La Crète participe à la guerre de Troie, y fournit le plus grand nombre de vaisseaux (80 selon certains historiens) et, selon Hérodote, « les Crétois se rangèrent parmi les plus vaillants défenseurs de Ménélas ». Mais « ils en furent payés à leur retour par la famine et la peste ». En tout cas, la Crète a perdu maintenant sa puissance militaire et ne pourra résister vers 1100 à l’invasion dorienne.
L’invasion des Doriens en Crète.
Avec l’invasion des Doriens, qui descendent de la région danubienne et s’installent en Grèce continentale puis en Crète vers 1100 avant notre ère (selon l’historien grec Thucydide, 80 ans après la guerre de Troie), c’est vraiment la fin de la civilisation minoenne.
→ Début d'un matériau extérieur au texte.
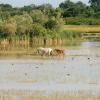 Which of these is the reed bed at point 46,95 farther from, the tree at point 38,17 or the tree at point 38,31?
the tree at point 38,17

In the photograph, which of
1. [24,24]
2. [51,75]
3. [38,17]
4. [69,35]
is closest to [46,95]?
[51,75]

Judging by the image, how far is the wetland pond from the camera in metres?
21.3

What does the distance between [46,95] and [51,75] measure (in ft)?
24.0

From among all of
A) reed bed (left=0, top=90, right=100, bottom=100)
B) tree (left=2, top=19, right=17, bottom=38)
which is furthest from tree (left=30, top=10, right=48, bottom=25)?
reed bed (left=0, top=90, right=100, bottom=100)

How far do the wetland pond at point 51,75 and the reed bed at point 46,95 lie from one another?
7 cm

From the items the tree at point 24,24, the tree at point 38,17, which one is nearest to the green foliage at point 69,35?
the tree at point 38,17

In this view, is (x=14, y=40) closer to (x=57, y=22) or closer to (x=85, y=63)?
(x=57, y=22)

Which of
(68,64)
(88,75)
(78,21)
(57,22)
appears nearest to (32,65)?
(68,64)

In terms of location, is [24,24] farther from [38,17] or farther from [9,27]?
[38,17]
Alors que Crétois et Mycéniens étaient culturellement très proches, les Doriens apportent une autre forme de culture : la fabrication et l’utilisation du fer et des armes, l’incinération de morts, les motifs géométriques dans la céramique, les temples…
Knossos est à nouveau incendié. Les Crétois s’installent durablement dans les montagnes « en résistance » alors que d’autres quittent l’île pour l’Asie Mineure.